Problem description —
Would you reproduce the whole listing exactly, dropping any pictures it holds?

Given material —
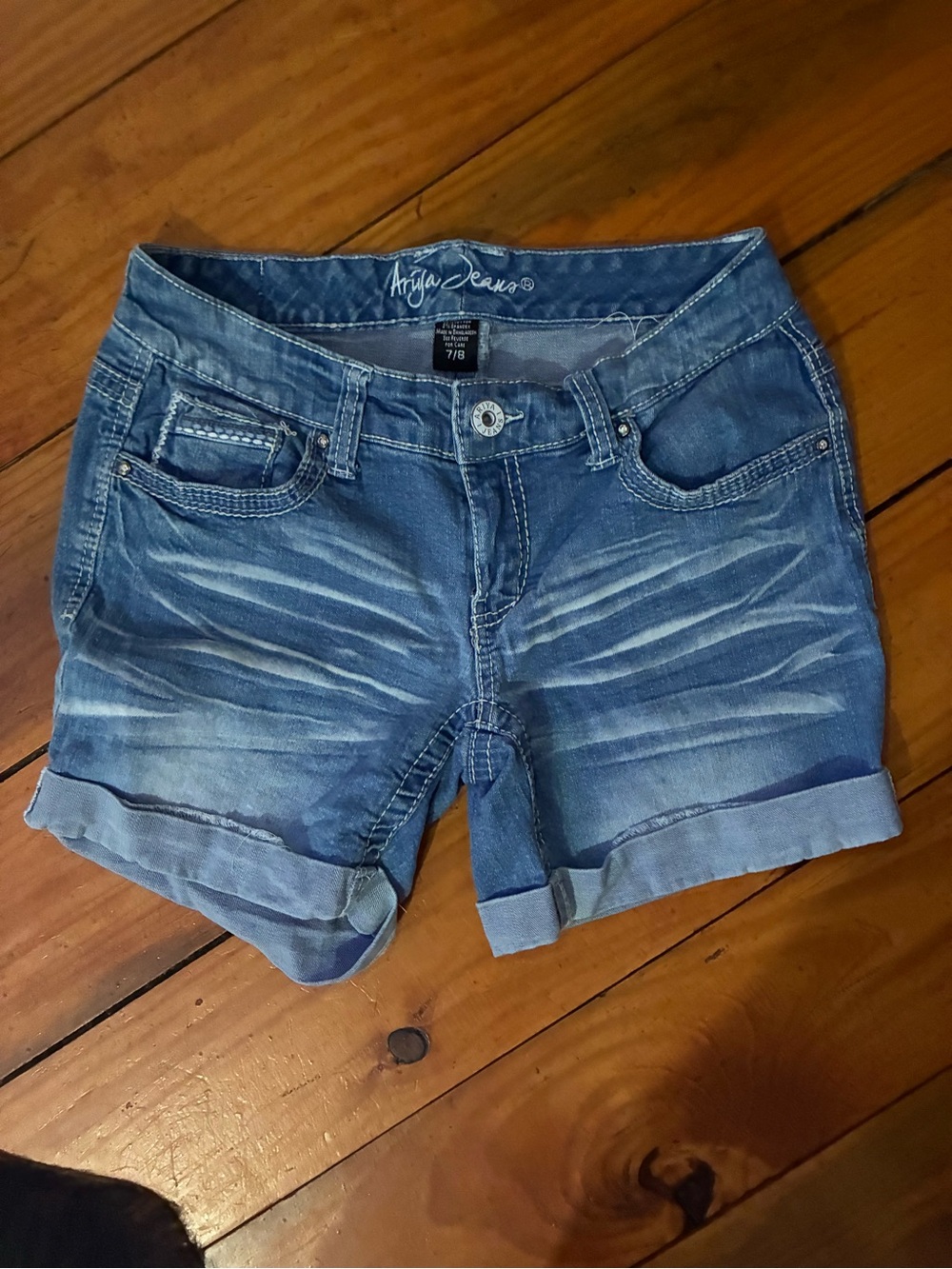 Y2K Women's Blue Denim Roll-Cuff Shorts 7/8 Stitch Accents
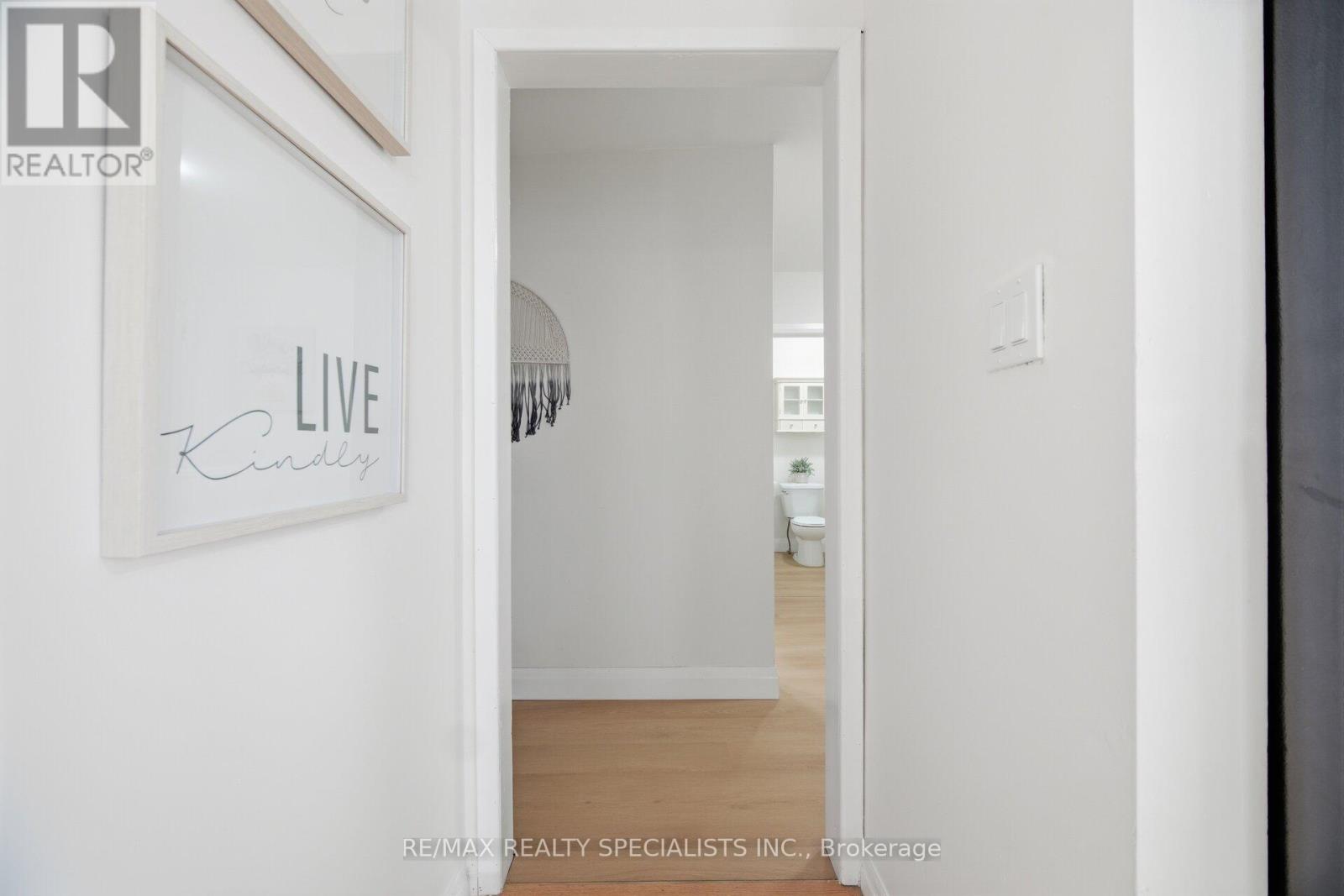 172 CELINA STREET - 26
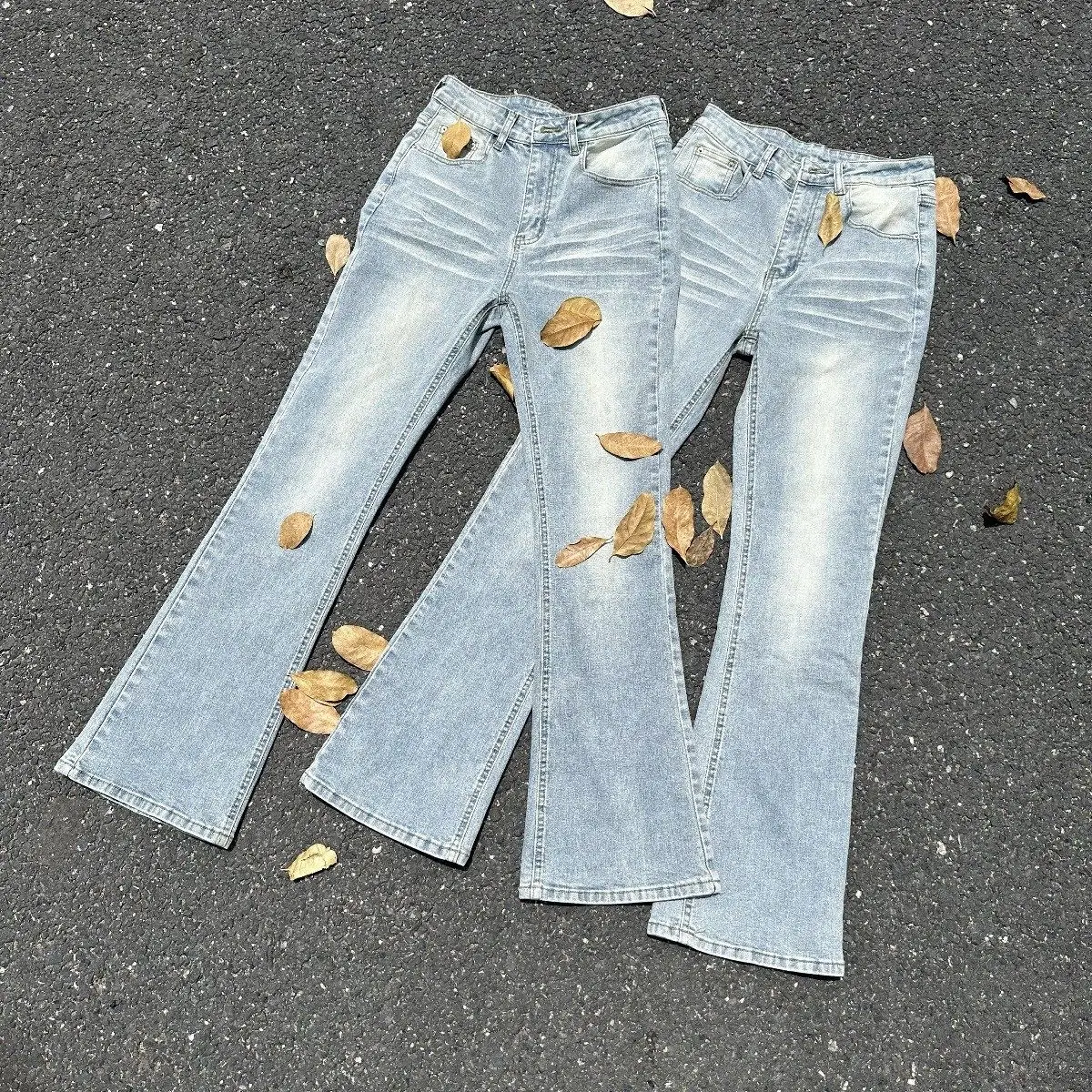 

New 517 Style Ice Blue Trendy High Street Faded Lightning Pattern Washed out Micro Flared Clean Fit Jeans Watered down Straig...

Answer —
 Y2K Women's Blue Denim Roll-Cuff Shorts 7/8 Stitch Accents
 172 CELINA STREET - 26

New 517 Style Ice Blue Trendy High Street Faded Lightning Pattern Washed out Micro Flared Clean Fit Jeans Watered down Straig...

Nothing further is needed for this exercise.